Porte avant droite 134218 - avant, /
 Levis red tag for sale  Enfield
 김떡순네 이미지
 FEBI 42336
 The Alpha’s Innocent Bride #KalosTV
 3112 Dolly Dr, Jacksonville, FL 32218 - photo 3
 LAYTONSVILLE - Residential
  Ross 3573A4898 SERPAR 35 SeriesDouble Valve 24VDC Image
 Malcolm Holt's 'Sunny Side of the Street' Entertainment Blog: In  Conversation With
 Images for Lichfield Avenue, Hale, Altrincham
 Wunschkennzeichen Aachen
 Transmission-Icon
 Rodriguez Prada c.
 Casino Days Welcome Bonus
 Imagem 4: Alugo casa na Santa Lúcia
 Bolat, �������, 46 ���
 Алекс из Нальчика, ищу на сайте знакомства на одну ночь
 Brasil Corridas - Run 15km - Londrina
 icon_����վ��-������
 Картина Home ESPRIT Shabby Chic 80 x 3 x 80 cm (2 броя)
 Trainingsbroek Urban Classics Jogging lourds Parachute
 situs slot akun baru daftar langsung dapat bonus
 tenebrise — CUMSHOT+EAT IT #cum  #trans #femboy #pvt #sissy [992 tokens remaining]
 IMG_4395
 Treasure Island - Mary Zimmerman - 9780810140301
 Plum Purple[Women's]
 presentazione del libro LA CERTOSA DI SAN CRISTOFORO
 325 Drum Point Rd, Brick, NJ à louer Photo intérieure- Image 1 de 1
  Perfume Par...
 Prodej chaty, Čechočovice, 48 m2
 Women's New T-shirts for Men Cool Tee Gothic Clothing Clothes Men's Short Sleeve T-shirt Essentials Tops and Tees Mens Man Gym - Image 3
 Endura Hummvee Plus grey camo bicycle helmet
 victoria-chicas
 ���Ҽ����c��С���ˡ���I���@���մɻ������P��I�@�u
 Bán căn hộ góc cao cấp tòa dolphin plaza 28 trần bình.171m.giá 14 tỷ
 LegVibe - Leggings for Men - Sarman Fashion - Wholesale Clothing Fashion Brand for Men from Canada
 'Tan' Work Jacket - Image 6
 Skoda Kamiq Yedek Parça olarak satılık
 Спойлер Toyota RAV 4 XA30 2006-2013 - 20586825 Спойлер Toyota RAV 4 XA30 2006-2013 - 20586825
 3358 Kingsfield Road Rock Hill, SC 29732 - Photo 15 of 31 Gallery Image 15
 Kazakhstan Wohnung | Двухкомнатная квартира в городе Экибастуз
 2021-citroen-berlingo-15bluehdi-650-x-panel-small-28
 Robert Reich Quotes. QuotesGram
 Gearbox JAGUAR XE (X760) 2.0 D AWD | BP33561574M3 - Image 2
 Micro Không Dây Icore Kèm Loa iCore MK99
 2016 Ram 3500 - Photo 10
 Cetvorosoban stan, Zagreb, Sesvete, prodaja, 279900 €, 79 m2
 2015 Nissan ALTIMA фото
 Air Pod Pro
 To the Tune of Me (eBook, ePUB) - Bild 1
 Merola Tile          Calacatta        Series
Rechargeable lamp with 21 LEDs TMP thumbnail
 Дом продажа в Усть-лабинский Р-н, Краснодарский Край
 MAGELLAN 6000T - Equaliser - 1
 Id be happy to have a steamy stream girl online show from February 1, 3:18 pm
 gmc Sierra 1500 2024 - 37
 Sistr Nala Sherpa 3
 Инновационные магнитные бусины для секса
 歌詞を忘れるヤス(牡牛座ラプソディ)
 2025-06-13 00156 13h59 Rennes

☆ ☆ ☆ ☆ ☆ ☆ ☆

Please give the listing above one more time, exactly as it reads.

Porte avant droite 134218 - avant, /
 Levis red tag for sale  Enfield
 김떡순네 이미지
 FEBI 42336
 The Alpha’s Innocent Bride #KalosTV
 3112 Dolly Dr, Jacksonville, FL 32218 - photo 3
 LAYTONSVILLE - Residential
  Ross 3573A4898 SERPAR 35 SeriesDouble Valve 24VDC Image
 Malcolm Holt's 'Sunny Side of the Street' Entertainment Blog: In  Conversation With
 Images for Lichfield Avenue, Hale, Altrincham
 Wunschkennzeichen Aachen
 Transmission-Icon
 Rodriguez Prada c.
 Casino Days Welcome Bonus
 Imagem 4: Alugo casa na Santa Lúcia
 Bolat, �������, 46 ���
 Алекс из Нальчика, ищу на сайте знакомства на одну ночь
 Brasil Corridas - Run 15km - Londrina
 icon_����վ��-������
 Картина Home ESPRIT Shabby Chic 80 x 3 x 80 cm (2 броя)
 Trainingsbroek Urban Classics Jogging lourds Parachute
 situs slot akun baru daftar langsung dapat bonus
 tenebrise — CUMSHOT+EAT IT #cum  #trans #femboy #pvt #sissy [992 tokens remaining]
 IMG_4395
 Treasure Island - Mary Zimmerman - 9780810140301
 Plum Purple[Women's]
 presentazione del libro LA CERTOSA DI SAN CRISTOFORO
 325 Drum Point Rd, Brick, NJ à louer Photo intérieure- Image 1 de 1
  Perfume Par...
 Prodej chaty, Čechočovice, 48 m2
 Women's New T-shirts for Men Cool Tee Gothic Clothing Clothes Men's Short Sleeve T-shirt Essentials Tops and Tees Mens Man Gym - Image 3
 Endura Hummvee Plus grey camo bicycle helmet
 victoria-chicas
 ���Ҽ����c��С���ˡ���I���@���մɻ������P��I�@�u
 Bán căn hộ góc cao cấp tòa dolphin plaza 28 trần bình.171m.giá 14 tỷ
 LegVibe - Leggings for Men - Sarman Fashion - Wholesale Clothing Fashion Brand for Men from Canada
 'Tan' Work Jacket - Image 6
 Skoda Kamiq Yedek Parça olarak satılık
 Спойлер Toyota RAV 4 XA30 2006-2013 - 20586825 Спойлер Toyota RAV 4 XA30 2006-2013 - 20586825
 3358 Kingsfield Road Rock Hill, SC 29732 - Photo 15 of 31 Gallery Image 15
 Kazakhstan Wohnung | Двухкомнатная квартира в городе Экибастуз
 2021-citroen-berlingo-15bluehdi-650-x-panel-small-28
 Robert Reich Quotes. QuotesGram
 Gearbox JAGUAR XE (X760) 2.0 D AWD | BP33561574M3 - Image 2
 Micro Không Dây Icore Kèm Loa iCore MK99
 2016 Ram 3500 - Photo 10
 Cetvorosoban stan, Zagreb, Sesvete, prodaja, 279900 €, 79 m2
 2015 Nissan ALTIMA фото
 Air Pod Pro
 To the Tune of Me (eBook, ePUB) - Bild 1
 Merola Tile          Calacatta        Series
Rechargeable lamp with 21 LEDs TMP thumbnail
 Дом продажа в Усть-лабинский Р-н, Краснодарский Край
 MAGELLAN 6000T - Equaliser - 1
 Id be happy to have a steamy stream girl online show from February 1, 3:18 pm
 gmc Sierra 1500 2024 - 37
 Sistr Nala Sherpa 3
 Инновационные магнитные бусины для секса
 歌詞を忘れるヤス(牡牛座ラプソディ)
 2025-06-13 00156 13h59 Rennes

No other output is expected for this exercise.